# DATASET ENTRIES:
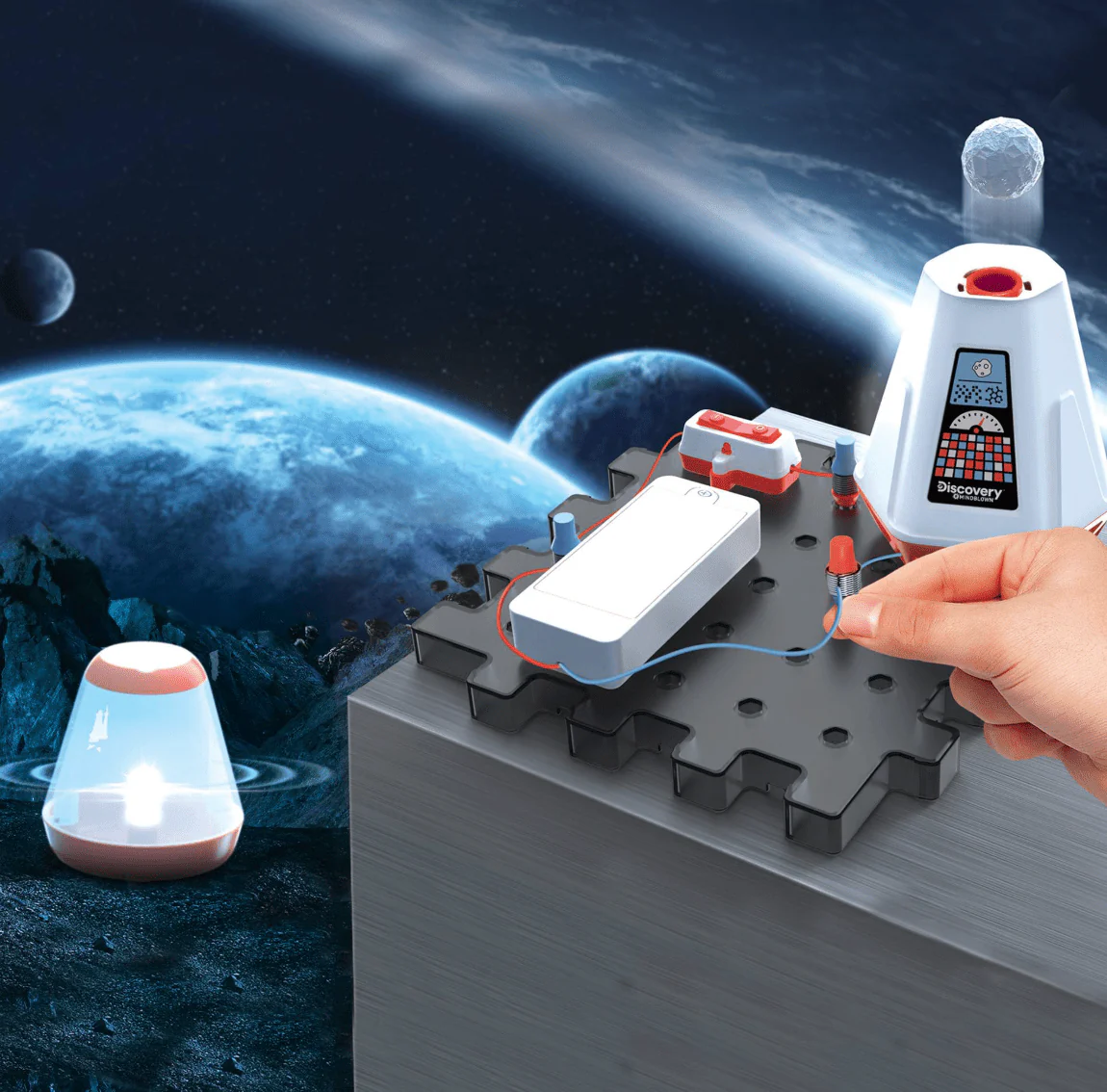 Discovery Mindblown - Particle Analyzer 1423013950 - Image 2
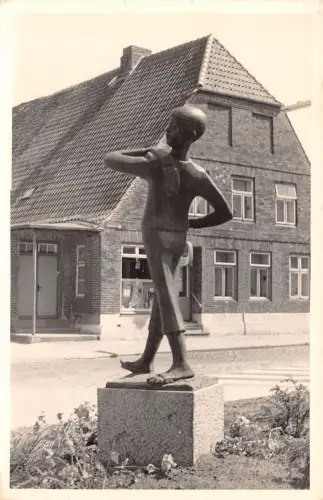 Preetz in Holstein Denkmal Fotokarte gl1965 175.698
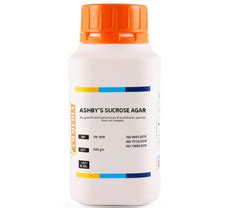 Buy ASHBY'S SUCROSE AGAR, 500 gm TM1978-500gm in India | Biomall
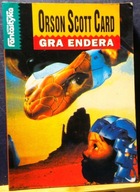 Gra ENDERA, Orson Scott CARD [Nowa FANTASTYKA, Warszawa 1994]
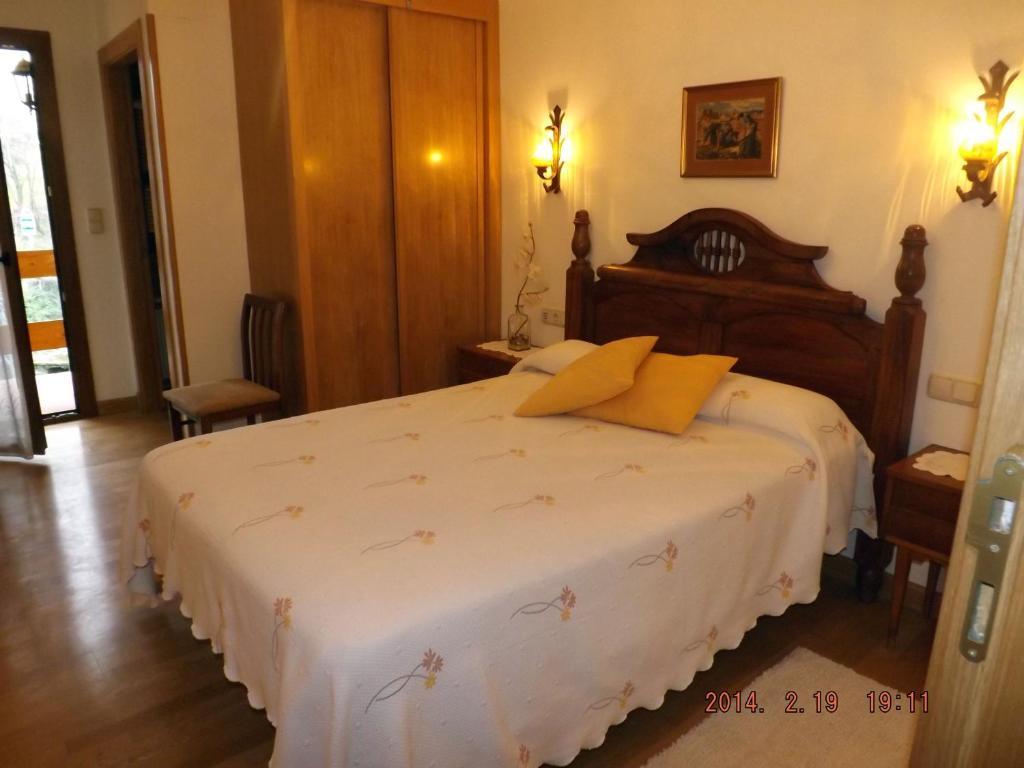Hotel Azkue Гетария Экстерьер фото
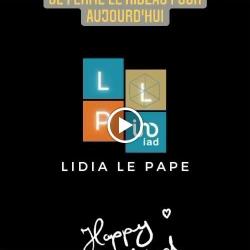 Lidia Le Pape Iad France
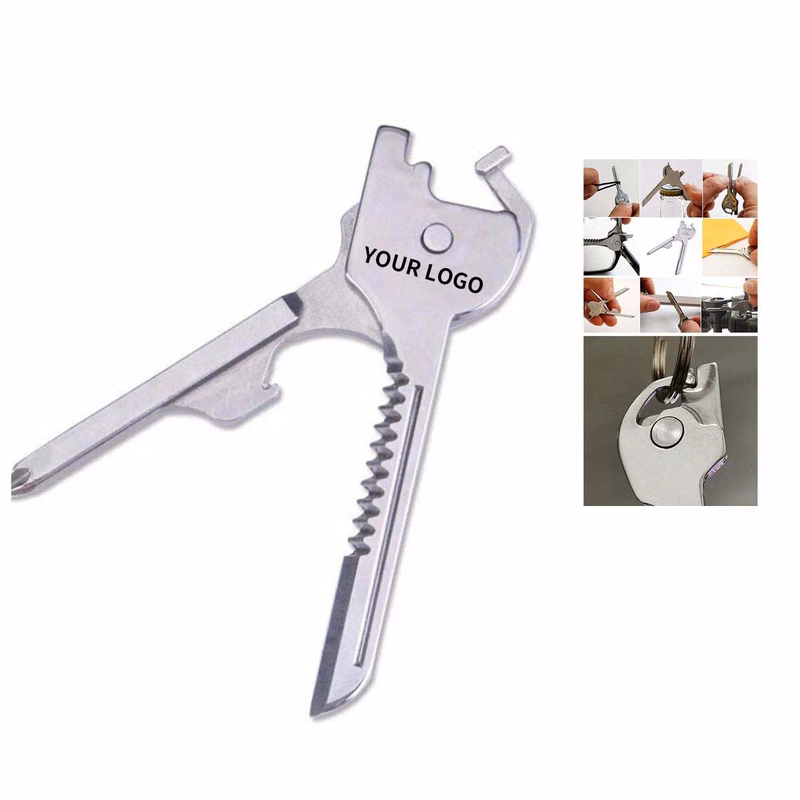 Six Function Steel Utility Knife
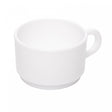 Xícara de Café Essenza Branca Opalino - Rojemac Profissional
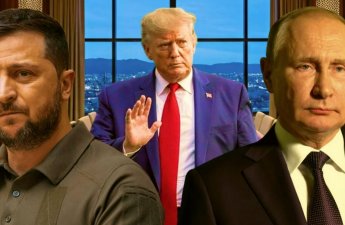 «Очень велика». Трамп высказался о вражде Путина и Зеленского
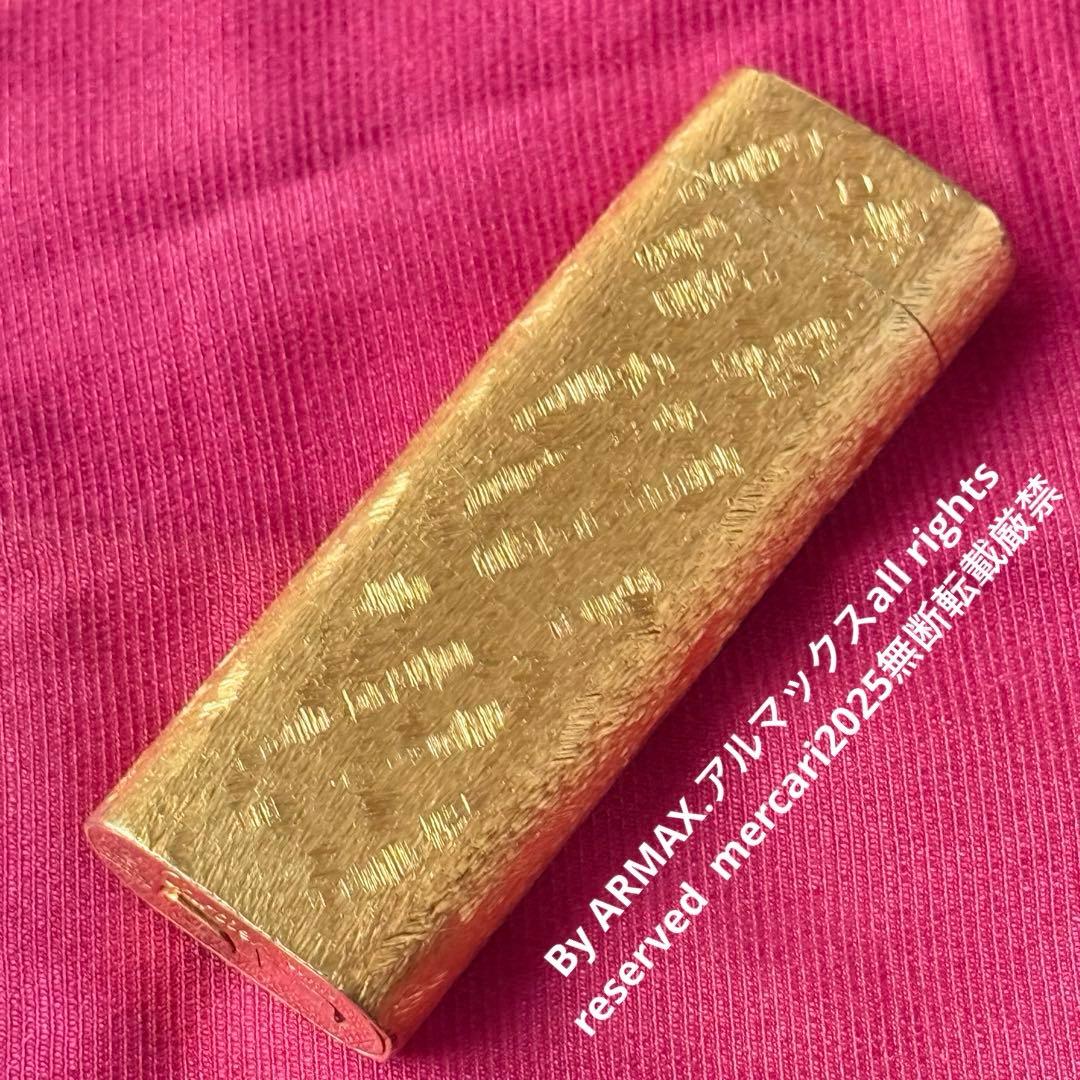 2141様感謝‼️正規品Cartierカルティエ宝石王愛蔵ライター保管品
* * *
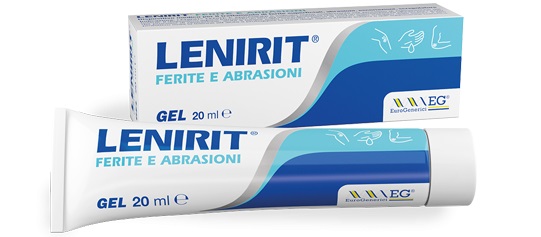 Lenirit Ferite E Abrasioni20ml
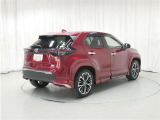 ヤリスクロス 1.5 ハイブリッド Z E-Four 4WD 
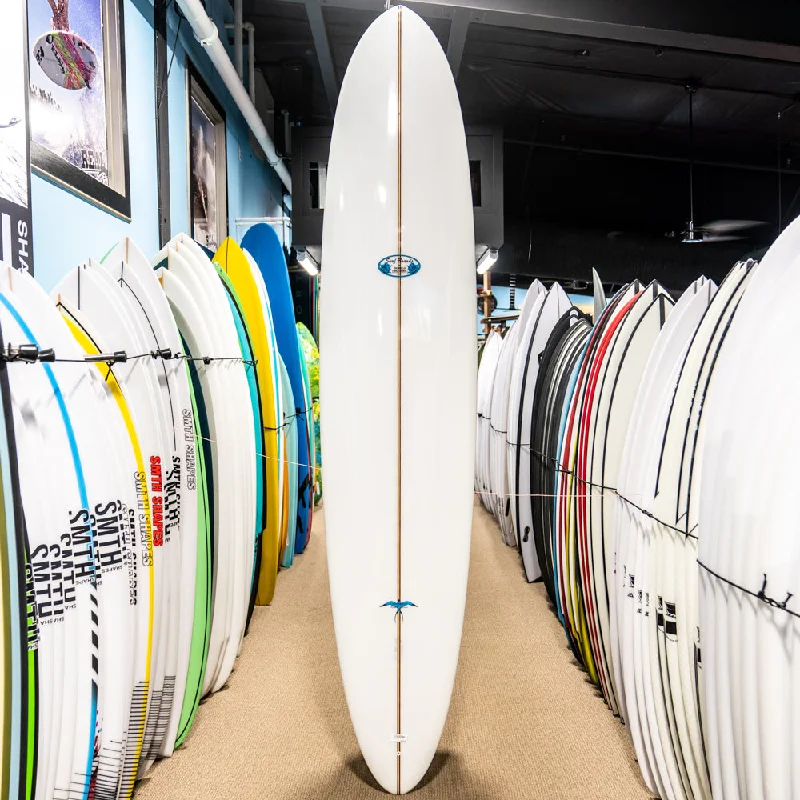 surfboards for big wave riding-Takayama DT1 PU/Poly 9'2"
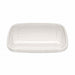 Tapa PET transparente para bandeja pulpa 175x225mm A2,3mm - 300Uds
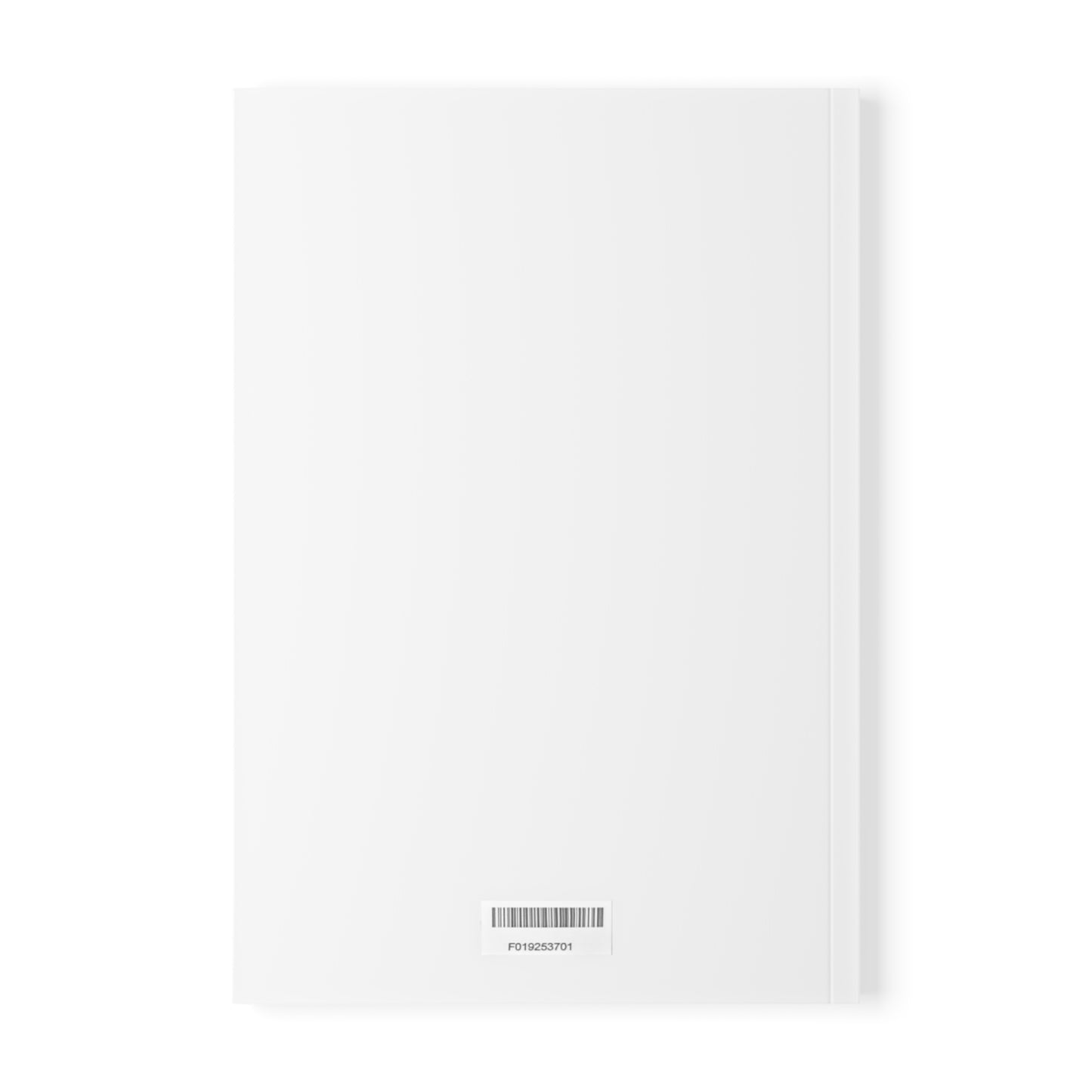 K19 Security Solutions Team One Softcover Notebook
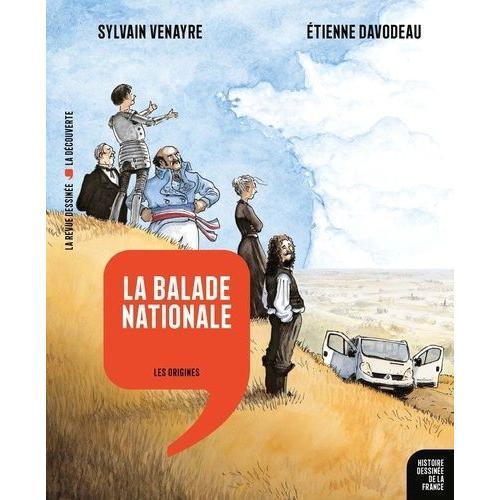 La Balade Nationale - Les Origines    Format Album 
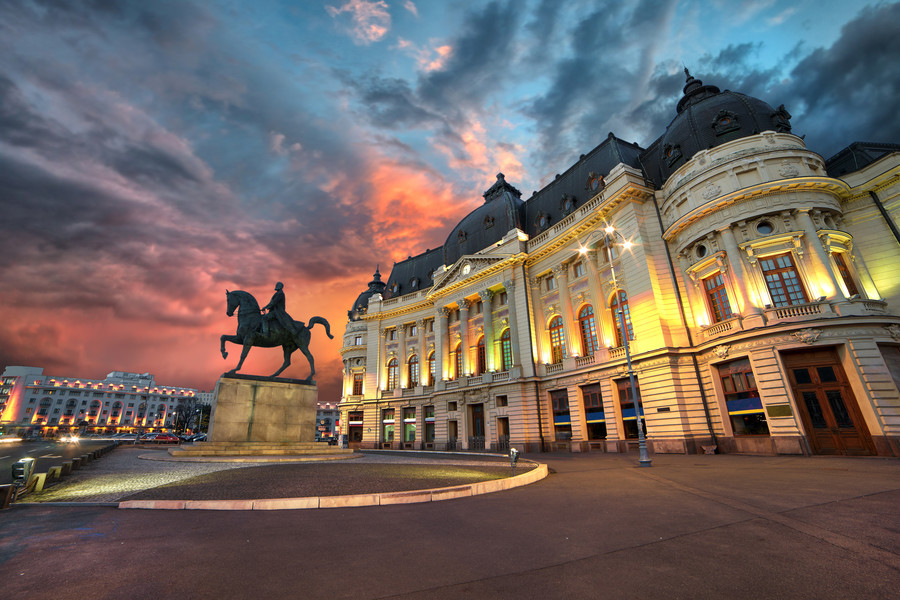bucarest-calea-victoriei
--
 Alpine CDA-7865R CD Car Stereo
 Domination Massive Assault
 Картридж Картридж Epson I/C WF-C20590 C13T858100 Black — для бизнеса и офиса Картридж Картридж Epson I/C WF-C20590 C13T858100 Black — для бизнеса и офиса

# TASK REQUIREMENTS:
Above are some entries. Restate word for word the lines from the one holding "Lenirit Ferite E Abrasioni20ml" through the one holding "bucarest-calea-victoriei", but not the pictures.

# WRITTEN ANSWER:
 Lenirit Ferite E Abrasioni20ml
 ヤリスクロス 1.5 ハイブリッド Z E-Four 4WD 
 surfboards for big wave riding-Takayama DT1 PU/Poly 9'2"
 Tapa PET transparente para bandeja pulpa 175x225mm A2,3mm - 300Uds
 K19 Security Solutions Team One Softcover Notebook
 La Balade Nationale - Les Origines    Format Album 
bucarest-calea-victoriei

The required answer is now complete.